__Activity__. I need the lines below from the one with "2719 Woodrow Ave, Harrisburg, PA 17112 - #1" down to the one with "Jakie innowacje pojawiają" reproduced exactly, both ends included, and nothing else.

Source data
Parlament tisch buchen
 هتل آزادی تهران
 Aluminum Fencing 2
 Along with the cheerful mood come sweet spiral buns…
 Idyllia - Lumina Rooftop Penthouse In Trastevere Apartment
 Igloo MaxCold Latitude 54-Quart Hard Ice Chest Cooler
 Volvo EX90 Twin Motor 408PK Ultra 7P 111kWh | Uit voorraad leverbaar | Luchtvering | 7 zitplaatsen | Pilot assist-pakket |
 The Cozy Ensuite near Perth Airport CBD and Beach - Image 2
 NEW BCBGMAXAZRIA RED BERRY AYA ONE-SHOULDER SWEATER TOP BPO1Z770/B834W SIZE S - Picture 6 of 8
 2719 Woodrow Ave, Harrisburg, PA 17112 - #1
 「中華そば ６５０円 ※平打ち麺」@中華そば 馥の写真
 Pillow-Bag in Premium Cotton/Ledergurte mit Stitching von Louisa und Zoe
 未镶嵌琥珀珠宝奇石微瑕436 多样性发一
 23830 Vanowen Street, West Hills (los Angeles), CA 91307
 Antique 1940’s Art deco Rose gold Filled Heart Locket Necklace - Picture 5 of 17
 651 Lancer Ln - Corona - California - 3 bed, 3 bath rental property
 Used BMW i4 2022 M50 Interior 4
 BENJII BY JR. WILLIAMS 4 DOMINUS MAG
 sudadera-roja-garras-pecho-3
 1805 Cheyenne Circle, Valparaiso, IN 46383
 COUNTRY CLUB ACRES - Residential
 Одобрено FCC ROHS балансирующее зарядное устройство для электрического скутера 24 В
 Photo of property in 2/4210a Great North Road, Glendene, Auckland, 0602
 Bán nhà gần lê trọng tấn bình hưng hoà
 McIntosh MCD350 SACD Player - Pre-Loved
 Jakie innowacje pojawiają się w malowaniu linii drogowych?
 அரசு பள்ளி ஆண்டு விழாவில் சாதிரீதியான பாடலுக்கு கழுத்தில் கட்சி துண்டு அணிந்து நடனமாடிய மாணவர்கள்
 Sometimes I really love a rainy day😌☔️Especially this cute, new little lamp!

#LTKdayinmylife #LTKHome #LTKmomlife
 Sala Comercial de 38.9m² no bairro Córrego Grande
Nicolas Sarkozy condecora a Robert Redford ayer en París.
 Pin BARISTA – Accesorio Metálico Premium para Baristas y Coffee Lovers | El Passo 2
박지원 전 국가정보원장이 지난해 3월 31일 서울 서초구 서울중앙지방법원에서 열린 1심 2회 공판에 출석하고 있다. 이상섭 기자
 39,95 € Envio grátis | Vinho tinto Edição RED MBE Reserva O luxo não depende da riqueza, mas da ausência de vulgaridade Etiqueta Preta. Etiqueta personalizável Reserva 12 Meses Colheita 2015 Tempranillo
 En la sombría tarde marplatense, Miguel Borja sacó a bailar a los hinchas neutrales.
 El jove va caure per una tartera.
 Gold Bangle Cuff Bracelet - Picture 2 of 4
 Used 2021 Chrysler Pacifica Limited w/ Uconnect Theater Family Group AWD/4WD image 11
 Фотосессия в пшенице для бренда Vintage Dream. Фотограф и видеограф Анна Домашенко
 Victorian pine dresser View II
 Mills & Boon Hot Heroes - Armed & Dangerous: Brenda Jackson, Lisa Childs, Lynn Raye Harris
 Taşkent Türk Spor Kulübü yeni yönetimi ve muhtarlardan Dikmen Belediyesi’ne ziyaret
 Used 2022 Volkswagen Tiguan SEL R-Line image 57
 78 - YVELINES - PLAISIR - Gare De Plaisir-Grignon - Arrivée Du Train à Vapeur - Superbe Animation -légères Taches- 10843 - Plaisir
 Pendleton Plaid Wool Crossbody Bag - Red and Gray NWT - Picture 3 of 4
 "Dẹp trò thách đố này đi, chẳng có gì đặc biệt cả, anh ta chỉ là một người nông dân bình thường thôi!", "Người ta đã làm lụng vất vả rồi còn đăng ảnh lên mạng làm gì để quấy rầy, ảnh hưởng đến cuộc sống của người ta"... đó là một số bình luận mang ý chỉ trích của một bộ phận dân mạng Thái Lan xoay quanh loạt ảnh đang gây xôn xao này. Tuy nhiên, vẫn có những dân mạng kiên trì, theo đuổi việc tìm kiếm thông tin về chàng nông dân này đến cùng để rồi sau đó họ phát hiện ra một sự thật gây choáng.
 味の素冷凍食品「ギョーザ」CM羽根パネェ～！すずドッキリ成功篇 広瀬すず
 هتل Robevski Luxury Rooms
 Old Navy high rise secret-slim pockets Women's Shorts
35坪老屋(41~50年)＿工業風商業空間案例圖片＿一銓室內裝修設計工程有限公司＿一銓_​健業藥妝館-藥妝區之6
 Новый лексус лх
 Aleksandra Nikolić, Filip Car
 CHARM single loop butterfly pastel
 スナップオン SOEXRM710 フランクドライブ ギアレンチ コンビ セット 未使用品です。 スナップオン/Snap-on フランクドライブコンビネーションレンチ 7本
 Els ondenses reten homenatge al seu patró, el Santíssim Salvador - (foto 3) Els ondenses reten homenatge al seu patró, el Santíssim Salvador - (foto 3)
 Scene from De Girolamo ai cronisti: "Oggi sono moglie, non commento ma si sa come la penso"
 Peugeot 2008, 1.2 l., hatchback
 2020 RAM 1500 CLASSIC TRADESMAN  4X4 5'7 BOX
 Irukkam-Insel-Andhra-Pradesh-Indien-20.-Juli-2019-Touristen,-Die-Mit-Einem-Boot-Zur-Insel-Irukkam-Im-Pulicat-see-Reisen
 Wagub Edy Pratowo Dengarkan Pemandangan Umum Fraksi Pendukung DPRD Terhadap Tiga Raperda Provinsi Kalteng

__Answer space__.
 2719 Woodrow Ave, Harrisburg, PA 17112 - #1
 「中華そば ６５０円 ※平打ち麺」@中華そば 馥の写真
 Pillow-Bag in Premium Cotton/Ledergurte mit Stitching von Louisa und Zoe
 未镶嵌琥珀珠宝奇石微瑕436 多样性发一
 23830 Vanowen Street, West Hills (los Angeles), CA 91307
 Antique 1940’s Art deco Rose gold Filled Heart Locket Necklace - Picture 5 of 17
 651 Lancer Ln - Corona - California - 3 bed, 3 bath rental property
 Used BMW i4 2022 M50 Interior 4
 BENJII BY JR. WILLIAMS 4 DOMINUS MAG
 sudadera-roja-garras-pecho-3
 1805 Cheyenne Circle, Valparaiso, IN 46383
 COUNTRY CLUB ACRES - Residential
 Одобрено FCC ROHS балансирующее зарядное устройство для электрического скутера 24 В
 Photo of property in 2/4210a Great North Road, Glendene, Auckland, 0602
 Bán nhà gần lê trọng tấn bình hưng hoà
 McIntosh MCD350 SACD Player - Pre-Loved
 Jakie innowacje pojawiają się w malowaniu linii drogowych?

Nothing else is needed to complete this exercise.